The priority of maintaining the social (i.e. national) bond is
paramount. Cowling argues that ‘the only permanent claims
(on loyalty or attention) are those which arise from the
national interest defined in terms of sovereignty, historic
continuity and national identity, and beyond these no other
focus of loyalty is either necessary or desirable’ . He
stresses the threat from within to national security; this is
repeated in Scruton’s claim that it is not an ‘insuperable
defect’ for a law of sedition to allow for ‘imprisonment
without a trial, a reduced judicial process, or summary execution’ . (Just as Utley’s main anxiety is about industrial unrest, Scruton has argued that Scargill is guilty of
sedition .) For Scruton, the allegiance of citizen to
state takes the form of a transcendent bond, akin to that
between parent and child, thus giving the State the authority, responsibility and ‘despotism’ of parenthood . A
corollary of this is that the family is central to maintaining
the State, since it is the main social institution in which
the habits of allegiance are acquired . In the same
way, Burke argued that:

To be attached to the subdivision, to love the little
platoon we belong to in society, is the first principle, the germ as it were, of public affections. It is
the first link in the series by which we proceed
towards a love to our country and to mankind.

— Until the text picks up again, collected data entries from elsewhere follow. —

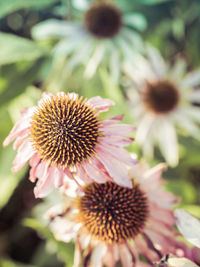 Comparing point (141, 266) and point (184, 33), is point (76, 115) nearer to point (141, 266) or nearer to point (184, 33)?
point (141, 266)

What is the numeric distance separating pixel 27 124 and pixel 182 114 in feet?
2.46

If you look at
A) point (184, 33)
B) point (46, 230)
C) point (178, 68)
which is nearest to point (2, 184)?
point (46, 230)

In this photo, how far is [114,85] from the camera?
2.99 ft

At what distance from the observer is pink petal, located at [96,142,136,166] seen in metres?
0.40

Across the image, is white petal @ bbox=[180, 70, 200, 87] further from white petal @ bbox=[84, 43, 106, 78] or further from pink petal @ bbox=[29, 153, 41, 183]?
pink petal @ bbox=[29, 153, 41, 183]

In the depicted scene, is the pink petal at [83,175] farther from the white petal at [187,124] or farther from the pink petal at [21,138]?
the white petal at [187,124]

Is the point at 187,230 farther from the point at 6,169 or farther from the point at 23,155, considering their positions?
the point at 6,169

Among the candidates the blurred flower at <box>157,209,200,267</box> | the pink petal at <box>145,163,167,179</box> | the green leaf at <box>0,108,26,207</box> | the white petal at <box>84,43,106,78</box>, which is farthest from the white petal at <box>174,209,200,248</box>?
the white petal at <box>84,43,106,78</box>

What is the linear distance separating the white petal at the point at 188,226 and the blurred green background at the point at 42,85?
0.35m

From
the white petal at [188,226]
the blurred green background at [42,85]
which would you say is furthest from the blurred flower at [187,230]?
the blurred green background at [42,85]

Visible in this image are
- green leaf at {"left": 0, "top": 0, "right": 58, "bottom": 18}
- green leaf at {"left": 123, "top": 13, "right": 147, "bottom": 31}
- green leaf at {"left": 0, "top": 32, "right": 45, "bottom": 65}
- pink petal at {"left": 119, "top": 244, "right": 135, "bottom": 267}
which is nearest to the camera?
pink petal at {"left": 119, "top": 244, "right": 135, "bottom": 267}

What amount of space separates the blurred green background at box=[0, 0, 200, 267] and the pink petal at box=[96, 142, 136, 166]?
1.10ft

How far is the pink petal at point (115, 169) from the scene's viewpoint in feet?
1.30

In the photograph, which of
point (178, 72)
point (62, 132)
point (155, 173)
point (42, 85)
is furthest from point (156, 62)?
point (62, 132) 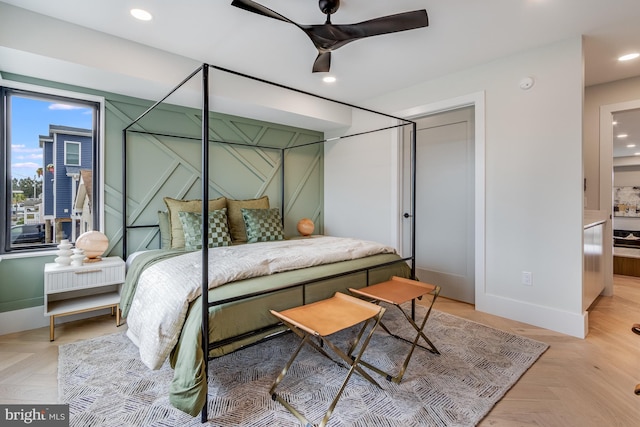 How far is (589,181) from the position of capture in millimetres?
3602

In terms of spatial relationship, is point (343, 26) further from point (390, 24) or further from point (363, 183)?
point (363, 183)

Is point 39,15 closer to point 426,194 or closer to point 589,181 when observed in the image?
point 426,194

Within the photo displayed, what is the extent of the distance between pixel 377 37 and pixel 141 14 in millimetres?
1794

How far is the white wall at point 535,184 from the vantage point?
259 centimetres

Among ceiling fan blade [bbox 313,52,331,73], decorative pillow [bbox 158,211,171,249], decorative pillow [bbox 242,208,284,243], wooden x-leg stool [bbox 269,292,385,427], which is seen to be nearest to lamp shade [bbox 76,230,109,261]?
decorative pillow [bbox 158,211,171,249]

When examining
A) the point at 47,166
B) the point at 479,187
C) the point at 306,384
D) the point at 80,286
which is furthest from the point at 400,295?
the point at 47,166

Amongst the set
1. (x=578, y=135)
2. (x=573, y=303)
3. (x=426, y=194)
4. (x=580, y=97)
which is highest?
(x=580, y=97)

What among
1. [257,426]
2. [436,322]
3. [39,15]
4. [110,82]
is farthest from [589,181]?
[39,15]

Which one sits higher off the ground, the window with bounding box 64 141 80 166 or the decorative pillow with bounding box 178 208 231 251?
the window with bounding box 64 141 80 166

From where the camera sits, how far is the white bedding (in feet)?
5.50

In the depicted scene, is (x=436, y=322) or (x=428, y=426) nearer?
(x=428, y=426)

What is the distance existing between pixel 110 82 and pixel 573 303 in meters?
4.42

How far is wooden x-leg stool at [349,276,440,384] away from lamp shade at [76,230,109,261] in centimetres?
223

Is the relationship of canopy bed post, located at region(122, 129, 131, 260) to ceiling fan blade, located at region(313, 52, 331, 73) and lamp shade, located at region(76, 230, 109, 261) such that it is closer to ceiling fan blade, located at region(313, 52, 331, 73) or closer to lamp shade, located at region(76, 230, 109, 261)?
lamp shade, located at region(76, 230, 109, 261) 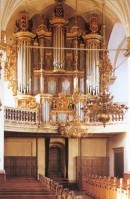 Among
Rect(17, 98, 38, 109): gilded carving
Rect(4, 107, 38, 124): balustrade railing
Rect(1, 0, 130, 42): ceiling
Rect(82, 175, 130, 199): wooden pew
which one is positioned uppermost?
Rect(1, 0, 130, 42): ceiling

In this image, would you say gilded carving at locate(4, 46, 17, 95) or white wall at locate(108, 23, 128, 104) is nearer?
gilded carving at locate(4, 46, 17, 95)

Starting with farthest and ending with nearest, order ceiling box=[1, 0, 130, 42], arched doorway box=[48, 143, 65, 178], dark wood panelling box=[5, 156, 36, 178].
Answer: arched doorway box=[48, 143, 65, 178] < dark wood panelling box=[5, 156, 36, 178] < ceiling box=[1, 0, 130, 42]

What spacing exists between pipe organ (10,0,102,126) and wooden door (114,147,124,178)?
287 centimetres

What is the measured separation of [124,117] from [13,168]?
272 inches

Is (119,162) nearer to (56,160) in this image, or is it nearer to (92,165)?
(92,165)

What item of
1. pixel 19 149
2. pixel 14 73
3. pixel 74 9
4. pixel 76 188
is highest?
pixel 74 9

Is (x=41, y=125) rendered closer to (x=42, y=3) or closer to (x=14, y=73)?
(x=14, y=73)

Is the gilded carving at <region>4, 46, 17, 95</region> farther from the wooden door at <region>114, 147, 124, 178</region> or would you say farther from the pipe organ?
the wooden door at <region>114, 147, 124, 178</region>

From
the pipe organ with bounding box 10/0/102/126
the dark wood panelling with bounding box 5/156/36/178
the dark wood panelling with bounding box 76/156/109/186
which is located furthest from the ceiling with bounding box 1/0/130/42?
the dark wood panelling with bounding box 76/156/109/186

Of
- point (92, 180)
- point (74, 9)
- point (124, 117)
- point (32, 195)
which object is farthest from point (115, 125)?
point (32, 195)

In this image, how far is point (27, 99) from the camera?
25.1 metres

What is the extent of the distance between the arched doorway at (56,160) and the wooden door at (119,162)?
10.2 ft

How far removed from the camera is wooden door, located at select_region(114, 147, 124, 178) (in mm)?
25119

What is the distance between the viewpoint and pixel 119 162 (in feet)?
84.1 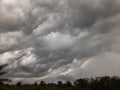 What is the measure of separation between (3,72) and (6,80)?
592 centimetres

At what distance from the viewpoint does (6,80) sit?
172 ft

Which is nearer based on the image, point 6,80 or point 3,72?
point 6,80

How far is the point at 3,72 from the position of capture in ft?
191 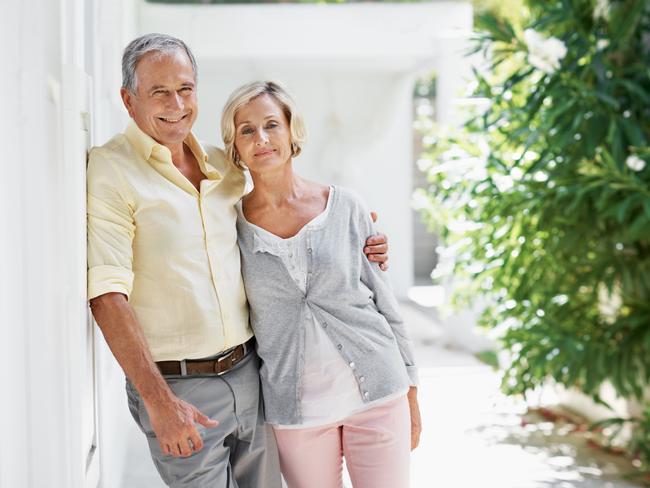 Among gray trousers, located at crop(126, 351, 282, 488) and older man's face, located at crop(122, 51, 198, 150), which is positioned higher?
older man's face, located at crop(122, 51, 198, 150)

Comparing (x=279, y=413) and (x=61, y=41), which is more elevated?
(x=61, y=41)

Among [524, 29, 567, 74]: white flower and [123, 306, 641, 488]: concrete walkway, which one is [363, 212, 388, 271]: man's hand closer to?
[123, 306, 641, 488]: concrete walkway

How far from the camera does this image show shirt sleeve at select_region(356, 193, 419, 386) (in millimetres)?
2299

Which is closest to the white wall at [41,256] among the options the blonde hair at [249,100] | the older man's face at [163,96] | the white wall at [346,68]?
the older man's face at [163,96]

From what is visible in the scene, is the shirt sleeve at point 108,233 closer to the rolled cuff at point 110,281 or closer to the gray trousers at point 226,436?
the rolled cuff at point 110,281

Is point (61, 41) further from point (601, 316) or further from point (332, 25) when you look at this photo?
point (332, 25)

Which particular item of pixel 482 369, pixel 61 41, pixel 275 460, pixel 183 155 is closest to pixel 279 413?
pixel 275 460

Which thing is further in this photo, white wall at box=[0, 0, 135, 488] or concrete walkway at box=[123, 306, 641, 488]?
concrete walkway at box=[123, 306, 641, 488]

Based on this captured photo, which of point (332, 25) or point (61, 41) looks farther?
point (332, 25)

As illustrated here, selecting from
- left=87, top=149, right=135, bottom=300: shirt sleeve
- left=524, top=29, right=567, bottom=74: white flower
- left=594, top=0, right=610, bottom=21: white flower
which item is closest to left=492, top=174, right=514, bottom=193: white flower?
left=524, top=29, right=567, bottom=74: white flower

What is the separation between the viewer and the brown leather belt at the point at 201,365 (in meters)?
2.03

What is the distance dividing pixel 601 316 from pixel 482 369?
245 cm

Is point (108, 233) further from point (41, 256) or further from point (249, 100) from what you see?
point (249, 100)

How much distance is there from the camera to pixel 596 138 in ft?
13.4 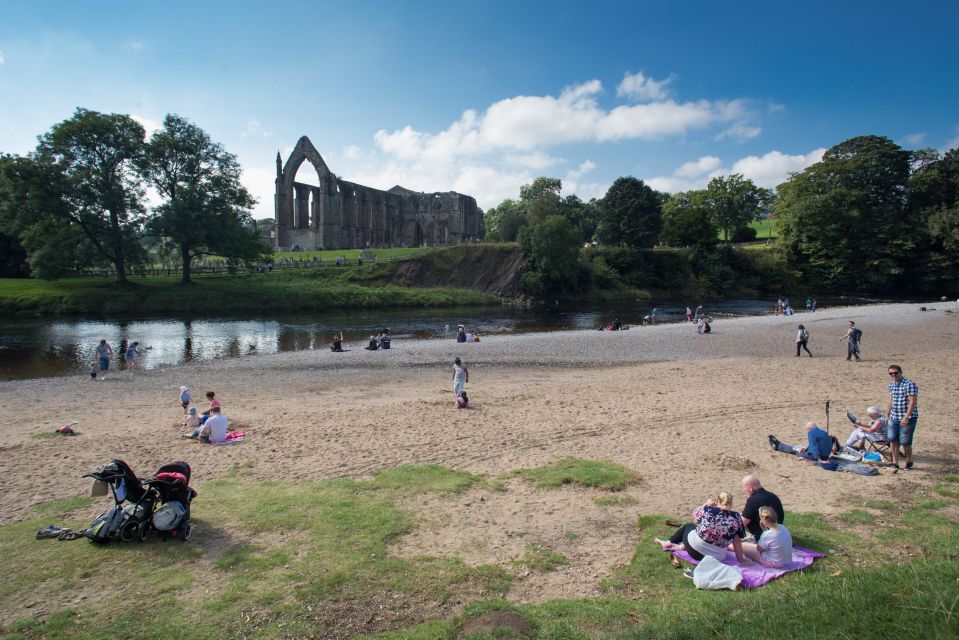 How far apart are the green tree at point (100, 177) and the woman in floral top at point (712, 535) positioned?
185 ft

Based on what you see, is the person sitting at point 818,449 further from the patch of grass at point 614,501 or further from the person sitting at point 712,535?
the person sitting at point 712,535

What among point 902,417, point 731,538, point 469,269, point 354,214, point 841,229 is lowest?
point 731,538

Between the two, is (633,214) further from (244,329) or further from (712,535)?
(712,535)

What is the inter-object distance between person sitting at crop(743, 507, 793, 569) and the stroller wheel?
851 cm

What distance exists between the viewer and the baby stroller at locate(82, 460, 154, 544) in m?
7.20

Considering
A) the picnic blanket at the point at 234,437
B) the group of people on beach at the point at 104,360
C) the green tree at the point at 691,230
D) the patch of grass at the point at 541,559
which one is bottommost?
the patch of grass at the point at 541,559

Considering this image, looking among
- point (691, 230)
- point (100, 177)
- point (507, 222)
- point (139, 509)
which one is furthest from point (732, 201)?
point (139, 509)

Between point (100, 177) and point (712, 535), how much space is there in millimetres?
57924

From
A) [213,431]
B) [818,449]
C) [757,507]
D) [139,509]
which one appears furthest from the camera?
[213,431]

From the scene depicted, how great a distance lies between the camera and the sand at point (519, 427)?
8227 millimetres

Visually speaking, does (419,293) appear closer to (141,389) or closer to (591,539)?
(141,389)

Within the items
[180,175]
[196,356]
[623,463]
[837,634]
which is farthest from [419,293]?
[837,634]

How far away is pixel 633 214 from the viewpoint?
75.9m

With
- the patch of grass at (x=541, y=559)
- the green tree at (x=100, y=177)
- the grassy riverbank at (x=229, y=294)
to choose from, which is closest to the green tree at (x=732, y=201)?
the grassy riverbank at (x=229, y=294)
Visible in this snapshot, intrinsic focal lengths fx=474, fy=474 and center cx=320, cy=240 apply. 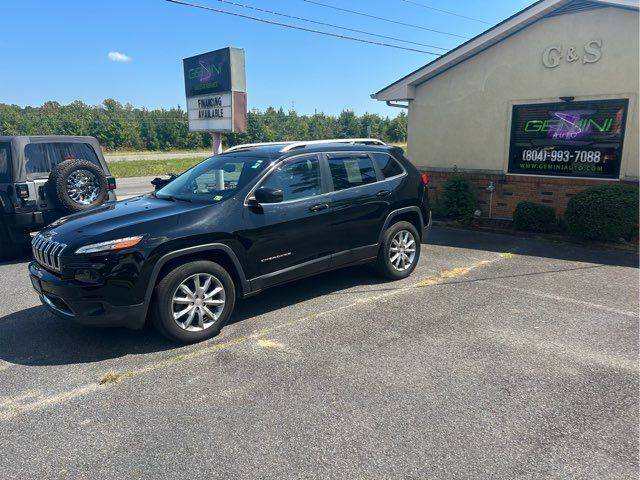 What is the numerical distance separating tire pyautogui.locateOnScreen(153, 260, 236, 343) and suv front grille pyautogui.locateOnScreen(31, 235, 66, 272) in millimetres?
860

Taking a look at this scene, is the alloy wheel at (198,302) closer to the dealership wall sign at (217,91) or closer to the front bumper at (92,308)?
the front bumper at (92,308)

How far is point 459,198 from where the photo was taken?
10062mm

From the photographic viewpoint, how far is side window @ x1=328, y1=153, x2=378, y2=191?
5418mm

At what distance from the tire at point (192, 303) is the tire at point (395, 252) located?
2.18m

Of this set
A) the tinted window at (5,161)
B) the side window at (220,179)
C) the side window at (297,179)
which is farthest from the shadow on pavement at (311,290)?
the tinted window at (5,161)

Casey argues that the State must not merely attract, but
claim allegiance. He refers to Aquinas’ concept of pietas,
which he describes as ‘forms of respect that arise from the
individual’s sense of his relation to something which comprehensively sustains and supports him’ , including parents, country and State. Pietas combines with tradition to
produce loyalty, since an individual’s sense of self is dependent upon the objectification of that self in the existing
social institutions .

Blood thicker than brain
In relation both to the bond between child and parent and
that between citizen (or subject) and State, the principal
legitimations are appeals to nature and to intuition. Berry
argues that a particular view of nature is fundamental to
the conservative position:

The family is ••• necessarily a hierarchic authority
structure, and this, as a natural consequence of the
dependence of the human infant, is an integral component of a conservative vision •••• Though the family
is the prime source for authority and hierarchy, its
very naturalness inclines conservatives to translate
this model into other institutions. Hierarchy is the
order of nature, and as such is ubiquitous.

Or, as Scruton puts it:

The family ••• shares with civil society the ••• quality of being non-contracted, of arising ••• out of
natural necessity. And ••• it is obvious that the bond
which ties the citizen to society is likewise not a
voluntary but a kind of natural bond.

Human nature, the foundation of conservative politics, also
underlies a connection between family and property. Private property is an ‘absolute and ineradicable need’, a
knowledge derived fron ‘intuition ••• which ••• lies at the
very centre of the social sense of man’ . Prejudice is a
natural counterpart of allegiance and of the desire for the
company of one’s own kind . Conservatism itself is
natural, since ‘instinct and self-interest coincide in the
judgement that existing arrangements should be preserved’

. Or, more extremely:

There is a natural instinct in the unthinking man •••
to accept and endorse through his actions the institutions and practices into which he is born. This
instinct is rooted in human nature.

This reliance on nature and instinct is antagonistic to reason. Berry argues that the location of the cohesiveness of
the family ‘in instinct, feeling or affection ••• means undercutting ••• claims ••• for the self-sufficiency of reason’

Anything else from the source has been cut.